Anyone could say, "Your sins are forgiven.” It’s not hard to utter those four words. But how would anyone know those words had power? Jesus healed the paralytic so that his critics would know that he had the power to forgive sin.
The teachers of the law were right on one point. Only God can forgive sin (v. 6). And if Jesus is not God, then he is indeed a blasphemer and should be stoned. But if he is truly God, then he can both heal and forgive.
Which is precisely what he does.
There are two miracles in this story–one visible, the other invisible. It’s good to heal a paralytic, but it is far better to have your sins forgiven. The healed paralytic will still die someday and go out into eternity to face the Lord. What then?
It won’t be enough in that day to say, “Jesus healed me."
Healing of the body is temporary.
Healing of the soul is forever.
By the order in which he does things, Jesus is teaching a crucial lesson. Our greatest problems are spiritual, not physical. As important as healing is, it is not as important as forgiveness.

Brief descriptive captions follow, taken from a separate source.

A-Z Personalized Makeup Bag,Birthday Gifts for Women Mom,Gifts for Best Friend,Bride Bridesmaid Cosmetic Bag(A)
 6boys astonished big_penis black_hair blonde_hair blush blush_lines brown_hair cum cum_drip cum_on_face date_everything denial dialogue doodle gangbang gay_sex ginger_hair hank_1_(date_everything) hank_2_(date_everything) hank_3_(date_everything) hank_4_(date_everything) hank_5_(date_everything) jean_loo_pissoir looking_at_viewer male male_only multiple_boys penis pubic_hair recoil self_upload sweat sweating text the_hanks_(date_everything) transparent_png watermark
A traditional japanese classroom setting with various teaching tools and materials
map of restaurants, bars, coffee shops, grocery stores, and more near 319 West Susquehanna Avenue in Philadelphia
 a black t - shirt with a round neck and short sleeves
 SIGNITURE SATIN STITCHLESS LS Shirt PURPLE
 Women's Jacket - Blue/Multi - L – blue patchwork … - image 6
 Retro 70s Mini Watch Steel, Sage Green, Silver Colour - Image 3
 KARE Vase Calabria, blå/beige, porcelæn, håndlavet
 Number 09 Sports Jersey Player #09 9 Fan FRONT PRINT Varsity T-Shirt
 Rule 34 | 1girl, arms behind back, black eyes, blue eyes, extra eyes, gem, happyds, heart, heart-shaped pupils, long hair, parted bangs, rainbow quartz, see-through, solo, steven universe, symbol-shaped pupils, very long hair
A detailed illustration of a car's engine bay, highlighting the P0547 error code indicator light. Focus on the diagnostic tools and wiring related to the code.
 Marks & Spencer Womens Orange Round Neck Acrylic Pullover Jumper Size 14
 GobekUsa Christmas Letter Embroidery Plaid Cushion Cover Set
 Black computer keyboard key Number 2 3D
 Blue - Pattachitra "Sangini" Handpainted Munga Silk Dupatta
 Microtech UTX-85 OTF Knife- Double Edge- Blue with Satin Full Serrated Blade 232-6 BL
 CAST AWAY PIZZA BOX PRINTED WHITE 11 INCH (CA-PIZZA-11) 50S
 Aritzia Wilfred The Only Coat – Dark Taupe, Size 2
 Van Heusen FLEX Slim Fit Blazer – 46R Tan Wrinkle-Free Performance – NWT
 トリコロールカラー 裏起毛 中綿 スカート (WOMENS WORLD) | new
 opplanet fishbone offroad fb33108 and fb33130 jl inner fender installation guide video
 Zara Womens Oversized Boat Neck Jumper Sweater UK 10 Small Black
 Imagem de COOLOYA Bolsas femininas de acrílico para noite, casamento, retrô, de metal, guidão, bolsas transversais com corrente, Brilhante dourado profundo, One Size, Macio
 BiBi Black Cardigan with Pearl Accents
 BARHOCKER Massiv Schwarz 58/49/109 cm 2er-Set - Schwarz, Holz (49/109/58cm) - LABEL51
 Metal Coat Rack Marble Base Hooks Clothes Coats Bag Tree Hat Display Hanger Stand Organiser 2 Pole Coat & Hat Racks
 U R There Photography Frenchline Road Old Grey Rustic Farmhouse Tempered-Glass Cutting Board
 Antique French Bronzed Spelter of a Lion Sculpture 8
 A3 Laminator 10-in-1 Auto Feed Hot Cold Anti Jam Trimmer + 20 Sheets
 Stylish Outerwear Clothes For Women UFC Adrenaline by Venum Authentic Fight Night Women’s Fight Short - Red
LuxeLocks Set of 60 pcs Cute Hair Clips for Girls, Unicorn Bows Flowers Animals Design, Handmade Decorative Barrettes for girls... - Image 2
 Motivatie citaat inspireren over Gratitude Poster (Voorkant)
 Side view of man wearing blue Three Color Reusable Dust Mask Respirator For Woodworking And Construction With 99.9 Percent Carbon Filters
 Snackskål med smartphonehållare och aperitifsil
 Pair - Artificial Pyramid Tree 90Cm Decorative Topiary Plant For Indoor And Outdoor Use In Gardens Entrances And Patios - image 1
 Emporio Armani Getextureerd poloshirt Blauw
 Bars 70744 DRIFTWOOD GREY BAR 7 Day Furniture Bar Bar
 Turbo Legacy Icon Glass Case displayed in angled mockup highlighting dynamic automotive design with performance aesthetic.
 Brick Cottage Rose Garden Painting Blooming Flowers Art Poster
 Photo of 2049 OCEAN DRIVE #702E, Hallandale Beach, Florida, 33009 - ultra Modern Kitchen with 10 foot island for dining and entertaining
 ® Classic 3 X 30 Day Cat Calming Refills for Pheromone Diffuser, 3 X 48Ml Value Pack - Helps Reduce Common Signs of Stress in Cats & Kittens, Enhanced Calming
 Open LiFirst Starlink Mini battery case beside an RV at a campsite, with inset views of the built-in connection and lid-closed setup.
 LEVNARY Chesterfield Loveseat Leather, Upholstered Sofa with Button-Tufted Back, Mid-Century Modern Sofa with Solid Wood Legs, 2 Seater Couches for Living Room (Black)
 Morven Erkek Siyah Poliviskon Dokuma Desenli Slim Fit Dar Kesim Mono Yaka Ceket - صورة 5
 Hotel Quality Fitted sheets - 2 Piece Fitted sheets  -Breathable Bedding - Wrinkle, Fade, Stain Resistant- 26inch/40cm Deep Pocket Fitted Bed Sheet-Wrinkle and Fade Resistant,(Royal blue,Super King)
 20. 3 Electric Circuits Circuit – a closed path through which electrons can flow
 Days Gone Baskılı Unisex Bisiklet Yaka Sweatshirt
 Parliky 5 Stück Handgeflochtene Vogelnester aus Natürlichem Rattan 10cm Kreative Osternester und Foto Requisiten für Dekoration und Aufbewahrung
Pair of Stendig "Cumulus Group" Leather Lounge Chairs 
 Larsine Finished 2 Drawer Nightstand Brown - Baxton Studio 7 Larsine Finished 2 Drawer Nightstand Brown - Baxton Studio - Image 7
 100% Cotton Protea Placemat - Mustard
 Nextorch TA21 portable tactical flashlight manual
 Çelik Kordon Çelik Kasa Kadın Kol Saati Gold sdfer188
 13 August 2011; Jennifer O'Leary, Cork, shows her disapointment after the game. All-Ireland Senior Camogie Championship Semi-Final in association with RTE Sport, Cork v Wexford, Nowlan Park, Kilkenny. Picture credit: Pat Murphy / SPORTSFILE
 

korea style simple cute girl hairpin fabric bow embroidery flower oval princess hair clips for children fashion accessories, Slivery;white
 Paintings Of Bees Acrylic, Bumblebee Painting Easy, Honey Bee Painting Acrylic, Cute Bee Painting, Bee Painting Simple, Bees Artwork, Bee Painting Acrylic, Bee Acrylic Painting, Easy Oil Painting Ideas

The healing itself is instantaneous and complete. The four who brought the paralytic could testify how sick he had been; the whole crowd could testify how well he was now. So complete was the healing that the man picked up his bed and began to walk home. As he did, the crowd parted to let him through. The point is very clear. Both healing and forgiveness flow from the word of Jesus. He has authority to do both because he is the Son of Man.
In order to be forgiven, two things must happen:
1. You must be willing to be forgiven
2. You must believe Jesus has the authority to forgive your sins.
That brings us face-to-face with the most profound question in the world: “Who is this man?” (Luke 5:21) Every man, every woman, every boy, and every girl must answer that question. No one can remain neutral.
It is true that men and women today are instinctively drawn to Jesus. Like those who crowded into the house in Capernaum, they love to hear him speak. Yet like them, they don’t really know who he is. Most people consider Jesus a “good man” or a “good teacher” or “the best man who ever walked on the earth.”
But you can’t stop there. You’ve got to go one way or the other.
What does your heart say? Who is this man? Is he just a carpenter or is he something much greater? Is he just another religious leader or is he the Son of God from heaven?
If he is a blasphemer . . . then join the crowd that crucified him.
If he is the Son of God . . . then crown him the Lord of your life.
Our Father, open our eyes and help us see Jesus as he really is. Grant that we may give him the honor that is his due. Help us to crown him King of Kings and Lord of Lords. Amen.